Le père et la mère de Mireille enseignant à distance, on nous apprend que
« Francis Pacchioni [le patronyme véritable de Mireille] va retrouver sa femme et sa fille tous les soirs à bicyclette. » (Et quel lecteur, ayant du cœur, ne va pas s'exclamer, en apprenant cela : « Quel bon mari, et quel père aimant, cet homme ! )» ?
Autre détail combien révélateur pour qui veut approcher le mystère du génie :
« Quand arrive Noël 1947, Mireille sait lire, elle a appris pratiquement seule, après les cinq ou six premières pages dans un livre aux grandes images. » (Encore que ce ou nous plonge dans l'incertitude car il n'est pas sans importance, pour qui veut mesurer la précocité de Mireille, que ce soit après la page 5 ou la page 6 qu'elle ait su lire.) Mais que « la légende dorée » ne nous détourne pas de nous reporter à la délicieuse lettre de Mireille du 19 décembre 1962 où elle conte sa scolarité primaire : « Mon père m'avait appris à lire lorsque j'avais quatre ans, maître inflexible sans violence, et pour cela vénéré. »
D'autres précisions, non moins éclairantes, nous sont fournies sur ses aïeules. Sa grand-mère paternelle, prénommée Maria, « une lingère, une forte femme, avait dû renoncer au chant lyrique » (mais, tout de même, « un impresario l'avait remarquée au casino de la ville . » Ce qui prouve bien qu'il y a, quoi qu'on en dise, une justice : certes, l'infortunée dut faire le deuil d'une carrière artistique – mais elle eut la consolation d'être remarquée – et par un imprésario !) Cependant que la grand-mère maternelle, Louise, qui vivra plus tard avec le reste de la famille, « ouvrière dans une usine textile », nous est présentée comme une femme « que le travail n'effraie pas. »
Je le demande : comment, avec une telle ascendance, ne pas devenir un être d'exception ?
Mais à quoi bon poursuivre ? Il est patent que ce site s'adressera en priorité aux lecteurs des antiques « Bonnes soirées », et que si l'On eut un père, une mère, des grands-mères exemplaires, On ne saurait avoir toutes les chances en fait de parenté.

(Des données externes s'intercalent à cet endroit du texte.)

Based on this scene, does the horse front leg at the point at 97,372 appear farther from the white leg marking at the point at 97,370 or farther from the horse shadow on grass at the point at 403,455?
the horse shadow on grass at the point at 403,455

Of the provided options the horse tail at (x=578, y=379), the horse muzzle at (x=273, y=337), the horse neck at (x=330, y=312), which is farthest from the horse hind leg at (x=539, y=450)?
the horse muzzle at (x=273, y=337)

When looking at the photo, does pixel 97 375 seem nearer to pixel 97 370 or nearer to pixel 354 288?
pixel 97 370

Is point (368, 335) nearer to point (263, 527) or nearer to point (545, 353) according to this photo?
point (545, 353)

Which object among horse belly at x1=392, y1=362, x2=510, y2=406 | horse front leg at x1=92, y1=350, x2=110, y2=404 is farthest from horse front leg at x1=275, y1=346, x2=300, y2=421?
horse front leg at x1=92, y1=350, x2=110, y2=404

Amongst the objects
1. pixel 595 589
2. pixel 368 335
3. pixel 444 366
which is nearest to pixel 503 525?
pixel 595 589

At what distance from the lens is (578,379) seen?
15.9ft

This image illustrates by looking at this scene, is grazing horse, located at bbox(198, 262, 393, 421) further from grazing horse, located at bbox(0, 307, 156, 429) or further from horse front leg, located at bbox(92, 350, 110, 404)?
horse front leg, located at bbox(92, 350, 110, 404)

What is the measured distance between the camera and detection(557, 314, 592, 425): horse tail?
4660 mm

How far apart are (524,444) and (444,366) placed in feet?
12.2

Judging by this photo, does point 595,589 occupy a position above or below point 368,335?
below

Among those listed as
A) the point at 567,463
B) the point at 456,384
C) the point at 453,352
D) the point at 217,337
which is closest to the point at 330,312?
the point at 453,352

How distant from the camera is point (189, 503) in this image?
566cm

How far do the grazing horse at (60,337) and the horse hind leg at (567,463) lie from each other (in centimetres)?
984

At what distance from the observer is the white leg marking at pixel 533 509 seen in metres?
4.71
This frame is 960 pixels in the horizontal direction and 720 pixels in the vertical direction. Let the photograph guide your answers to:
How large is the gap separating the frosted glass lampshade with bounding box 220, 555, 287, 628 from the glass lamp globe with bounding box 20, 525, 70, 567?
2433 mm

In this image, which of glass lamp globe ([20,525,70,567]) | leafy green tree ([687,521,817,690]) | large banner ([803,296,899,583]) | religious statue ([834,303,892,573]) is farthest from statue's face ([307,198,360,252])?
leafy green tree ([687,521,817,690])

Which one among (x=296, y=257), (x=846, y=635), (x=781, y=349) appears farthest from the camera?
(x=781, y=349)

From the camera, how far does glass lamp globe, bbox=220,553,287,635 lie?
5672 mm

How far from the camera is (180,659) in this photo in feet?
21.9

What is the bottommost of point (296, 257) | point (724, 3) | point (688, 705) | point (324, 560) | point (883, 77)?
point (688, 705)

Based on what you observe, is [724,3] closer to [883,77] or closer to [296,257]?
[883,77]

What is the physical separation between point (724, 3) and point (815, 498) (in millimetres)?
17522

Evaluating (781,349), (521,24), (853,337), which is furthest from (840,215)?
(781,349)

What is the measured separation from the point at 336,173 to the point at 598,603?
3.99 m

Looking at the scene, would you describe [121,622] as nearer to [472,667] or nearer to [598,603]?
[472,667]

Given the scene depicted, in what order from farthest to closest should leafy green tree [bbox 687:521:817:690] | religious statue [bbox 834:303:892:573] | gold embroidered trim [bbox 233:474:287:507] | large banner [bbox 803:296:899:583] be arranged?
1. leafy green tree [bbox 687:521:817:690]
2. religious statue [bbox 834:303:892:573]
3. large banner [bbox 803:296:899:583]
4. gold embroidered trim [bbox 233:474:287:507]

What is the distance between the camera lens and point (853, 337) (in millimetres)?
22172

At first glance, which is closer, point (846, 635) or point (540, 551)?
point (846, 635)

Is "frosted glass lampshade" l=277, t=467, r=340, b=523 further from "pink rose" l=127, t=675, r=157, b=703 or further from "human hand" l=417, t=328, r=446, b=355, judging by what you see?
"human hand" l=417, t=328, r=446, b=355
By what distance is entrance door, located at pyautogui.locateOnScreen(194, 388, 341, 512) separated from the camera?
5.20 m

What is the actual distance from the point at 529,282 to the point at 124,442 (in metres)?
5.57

Du moins, au fil de cette rubrique, ceux qui s'étonnèrent que la publication des Lettres demeure inachevée vont-ils apprendre quels motifs me conduisirent à… jeter l'éponge. Ainsi, les responsabilités seront-elles établies aux yeux des gens de bonne foi, les seuls qui importent. Les autres s'enchanteront de l'hagiographie sororale, nulle fadaise ne leur étant épargnée.